Assigned task:
Copy the data exactly; pictures stay out of the copy.

Records for this exercise:
= = =
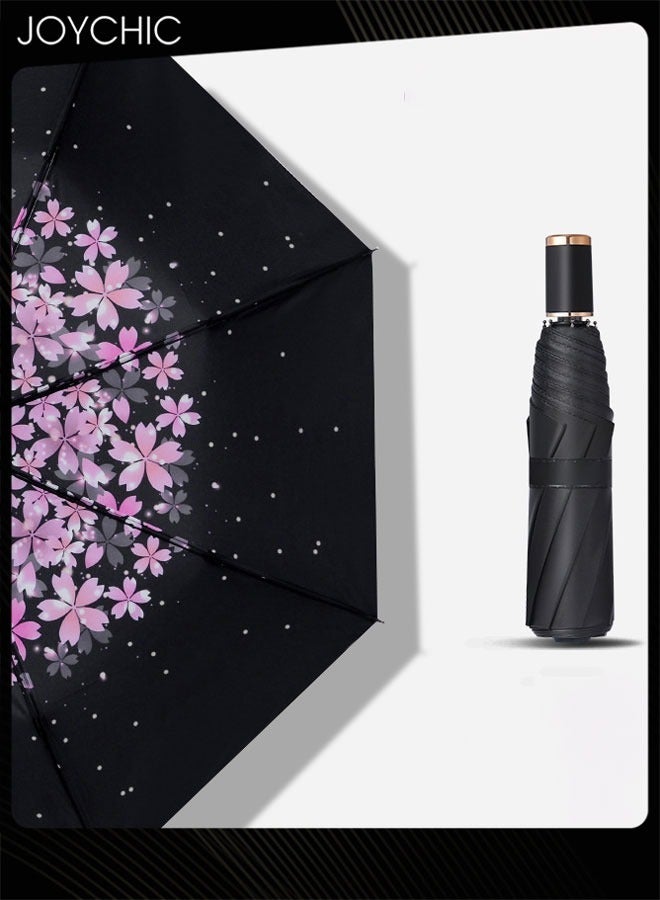 Joychic مظلة مضادة للأشعة فوق البنفسجية بطباعة الشمس والمطر مع 8 أضلاع مظلة سفر قابلة للطي أسود/وردي - Image 1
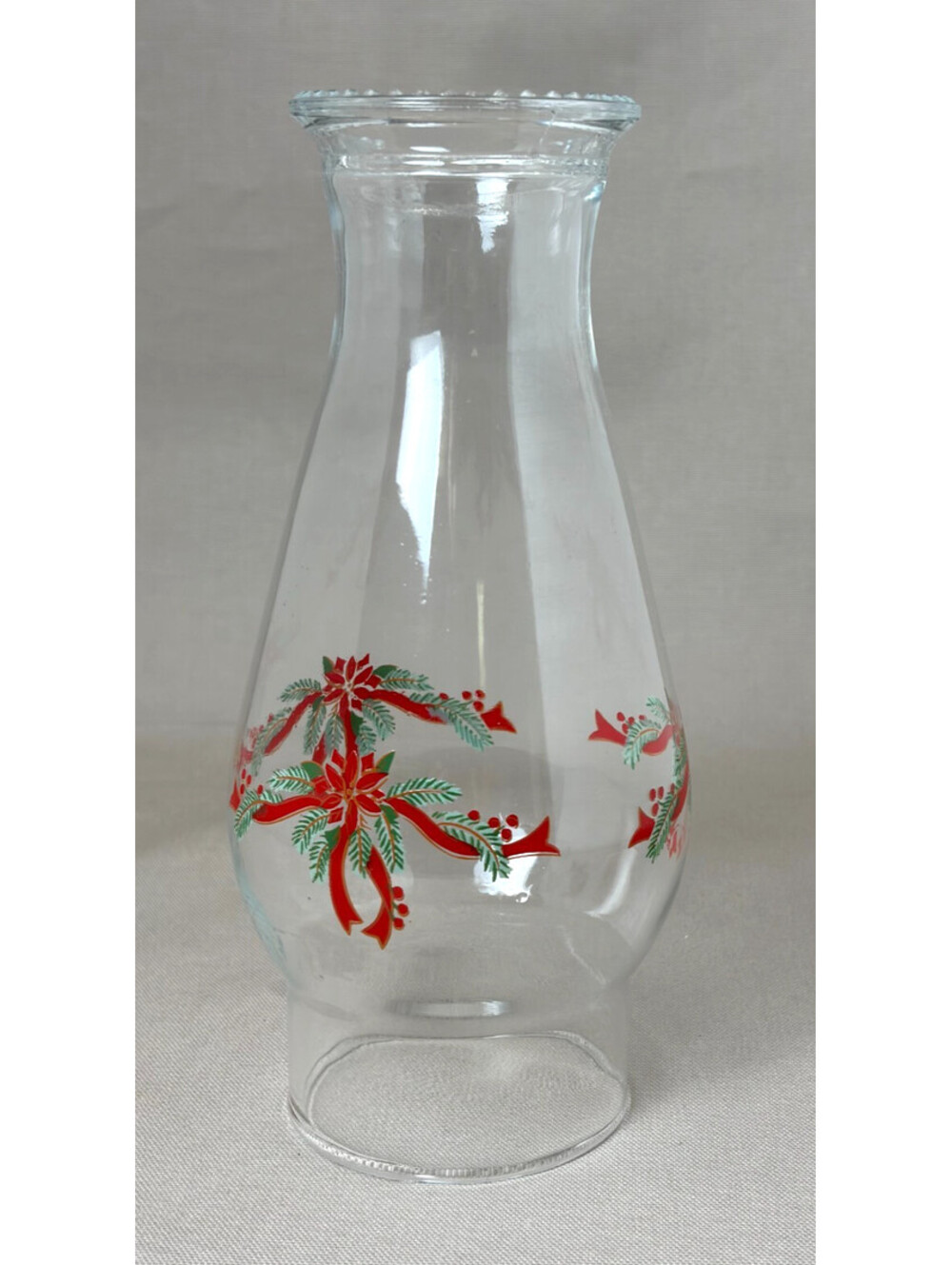 Vintage Christmas Poinsettia Glass Hurricane Lamp Chimney Shade Candle Holder 8.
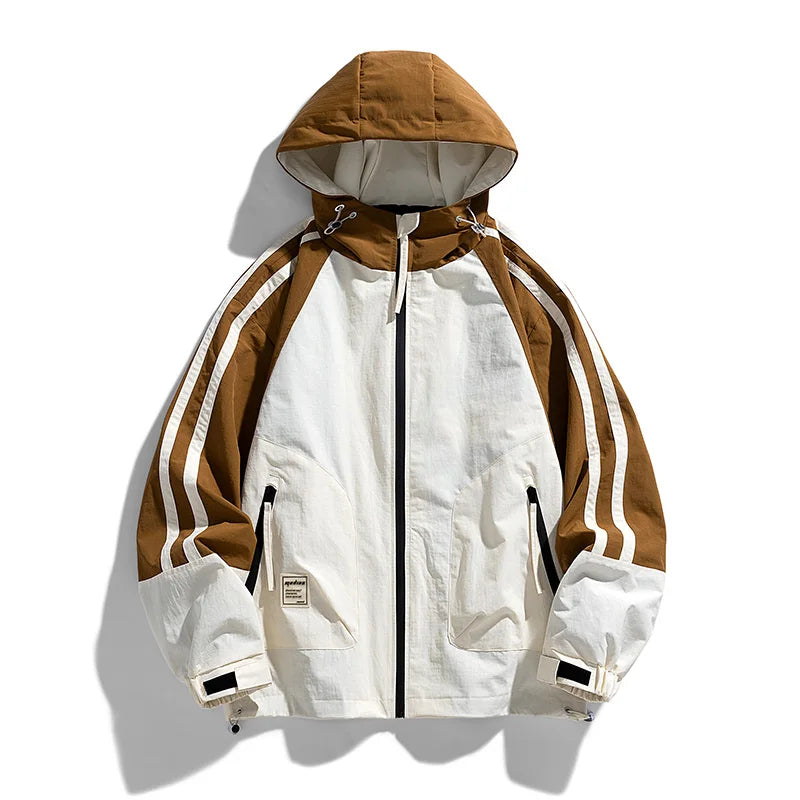Horizon Striped Weather‑Resistant Jacket White Men's Winter Jacket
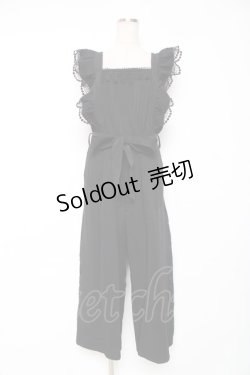 画像1: axes femme / フリル×レースサロペット M 黒 Y-25-12-10-061-AX-OP-SZ-ZS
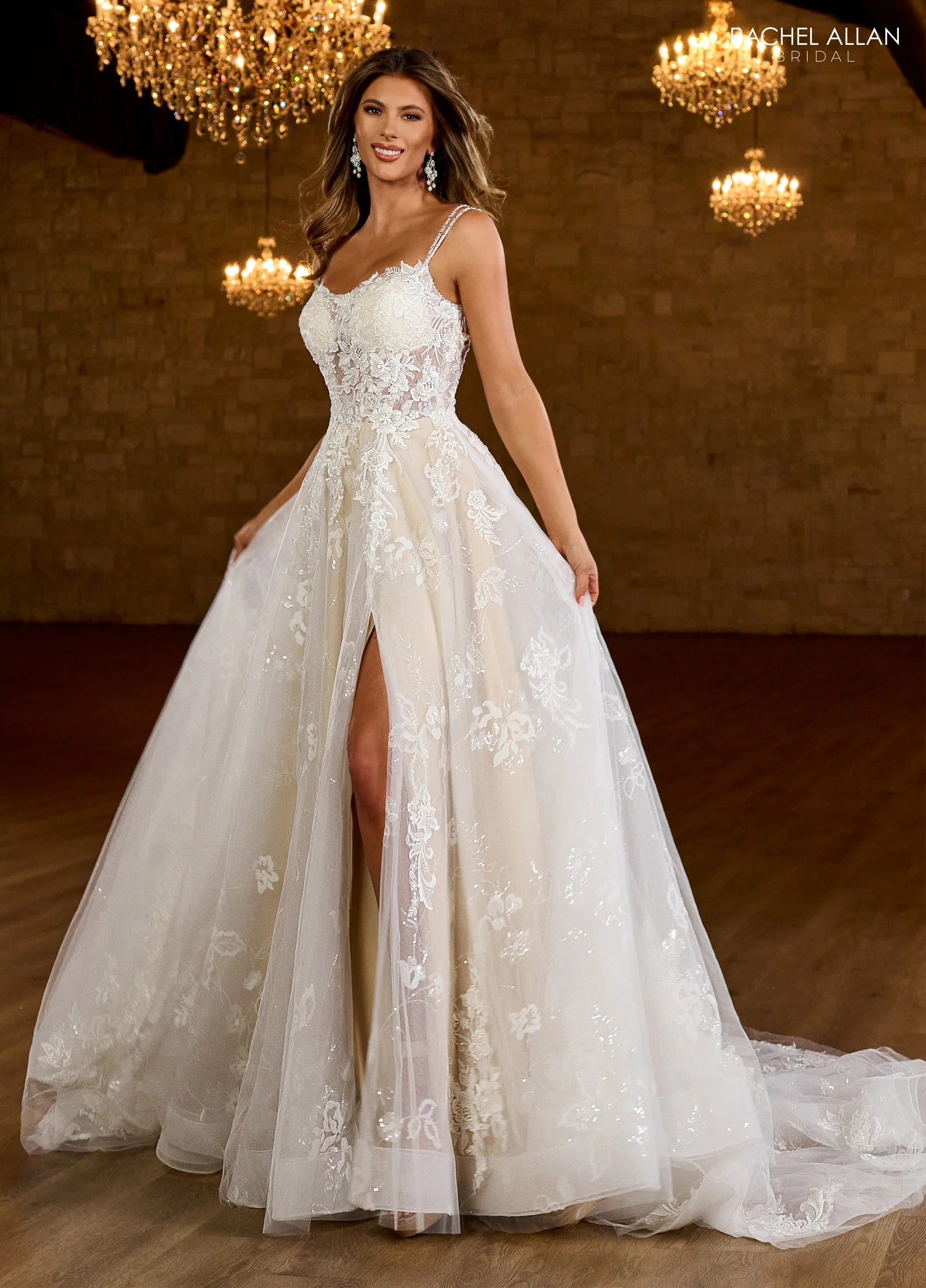 Ivory Nude Double Spaghetti Strap A-Line Wedding Dress with Front Slit and Floral Embroidery Rachel Allan RB4186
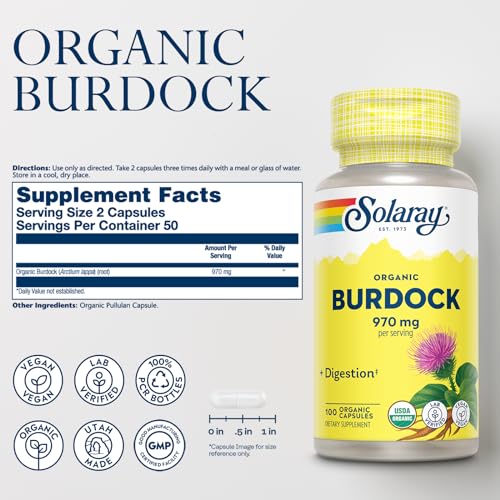 Solaray-Organic-Burdock-Root-970-mg-Digestive-Support-Supplement-USDA-Burdock-Root-Organic-Vegan-Lab-Verified-60-Day-Money-Back-Guarantee-50-Servings-100-Organic-Capsules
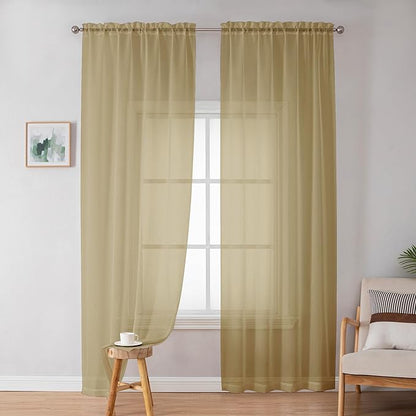 OWENIE Gold Sheer Curtains 84 Inch Length 2 Panels Set, Light Filtering Voile Fimly Sheer Drapes for Living Room/Bedroom, 2pcs, Gold Solid Rod Pocket Sheer Curtains, Each 42" W x 84" L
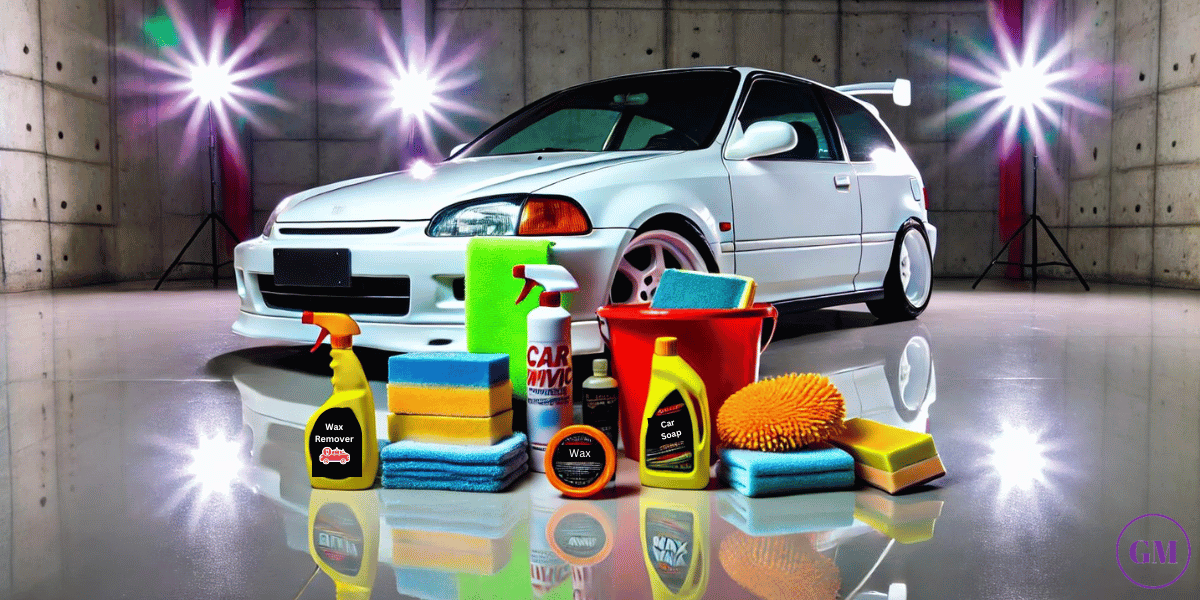 Supplies needed to removing wax from cars.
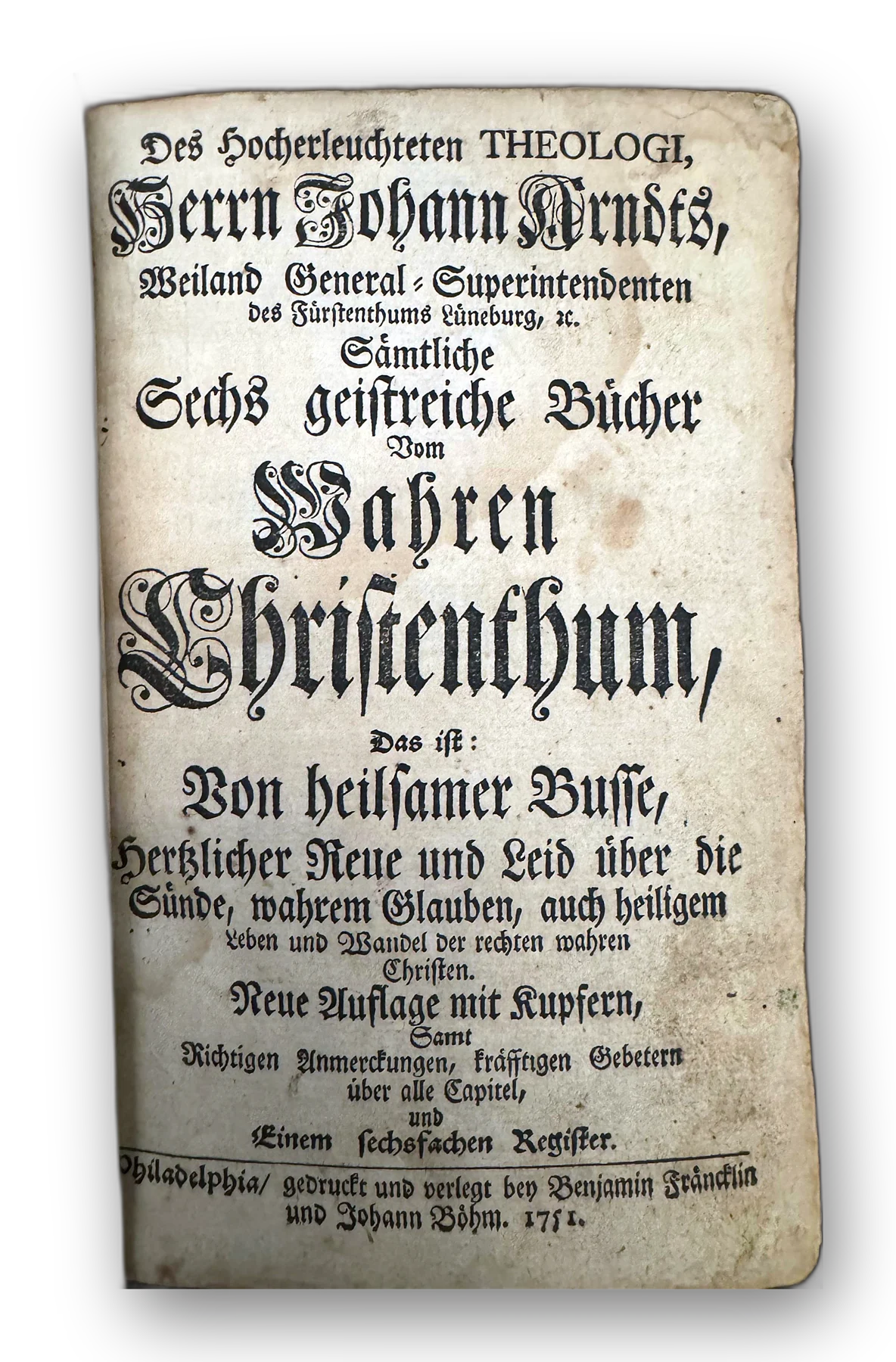Johann Arndt, Des Hocherleuchteten Theologi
= = =
Worked solution:
 Joychic مظلة مضادة للأشعة فوق البنفسجية بطباعة الشمس والمطر مع 8 أضلاع مظلة سفر قابلة للطي أسود/وردي - Image 1
 Vintage Christmas Poinsettia Glass Hurricane Lamp Chimney Shade Candle Holder 8.
Horizon Striped Weather‑Resistant Jacket White Men's Winter Jacket
 画像1: axes femme / フリル×レースサロペット M 黒 Y-25-12-10-061-AX-OP-SZ-ZS
 Ivory Nude Double Spaghetti Strap A-Line Wedding Dress with Front Slit and Floral Embroidery Rachel Allan RB4186
 Solaray-Organic-Burdock-Root-970-mg-Digestive-Support-Supplement-USDA-Burdock-Root-Organic-Vegan-Lab-Verified-60-Day-Money-Back-Guarantee-50-Servings-100-Organic-Capsules
 OWENIE Gold Sheer Curtains 84 Inch Length 2 Panels Set, Light Filtering Voile Fimly Sheer Drapes for Living Room/Bedroom, 2pcs, Gold Solid Rod Pocket Sheer Curtains, Each 42" W x 84" L
 Supplies needed to removing wax from cars.
Johann Arndt, Des Hocherleuchteten Theologi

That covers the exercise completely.